The irony is that on Chickenhead we didn't really know what was in store for us. We got off just at dark on the final day after grunting for yet another day. Tom had to follow a descending traverse that I led as the 28th pitch, and he'd finally had enough. The technical difficulties he encountered were complex, but suffice it to say that he had some harsh words for the Big Stone as he struggled with this last stumbling block. On the final pitch, a chimney, he dared El Cap to try and get in his face anymore and raced up it at breakneck speed. At dusk on the seventh day, after 29 rope lengths, we pulled up to a ledge on the summit plateau of El Capitan and threw our harnesses off and lay back and laughed and drank and wondered how we'd done it.

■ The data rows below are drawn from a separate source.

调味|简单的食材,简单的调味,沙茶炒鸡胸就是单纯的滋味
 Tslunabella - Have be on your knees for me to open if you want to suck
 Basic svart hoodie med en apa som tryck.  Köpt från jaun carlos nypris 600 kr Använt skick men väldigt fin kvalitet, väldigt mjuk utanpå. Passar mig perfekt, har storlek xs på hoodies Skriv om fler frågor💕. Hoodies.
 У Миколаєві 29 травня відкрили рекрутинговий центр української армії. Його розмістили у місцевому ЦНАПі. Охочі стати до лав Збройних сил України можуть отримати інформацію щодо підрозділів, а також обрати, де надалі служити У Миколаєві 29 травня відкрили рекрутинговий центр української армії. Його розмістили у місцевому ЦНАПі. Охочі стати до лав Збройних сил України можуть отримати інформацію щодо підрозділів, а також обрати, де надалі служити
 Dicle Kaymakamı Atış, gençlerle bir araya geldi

I won't bore you with a description of the hike down. It was the most painful part of the whole climb, as we each carried haul bags that weighed in excess of 100 pounds. I tweaked my back stumbling on uneven terrain near the top of El Cap and ended up with a pinched nerve in my right arm that leaves two fingers numb even as I type this. During the ten hour ordeal Tom kept repeating " I don't know if we can make it." But I knew we could, and we did. Now I don't much remember the agony of the hike, and find myself daydreaming about the Headwall as I try to pretend that I'm the same person who started the climb only two weeks ago. I'm not.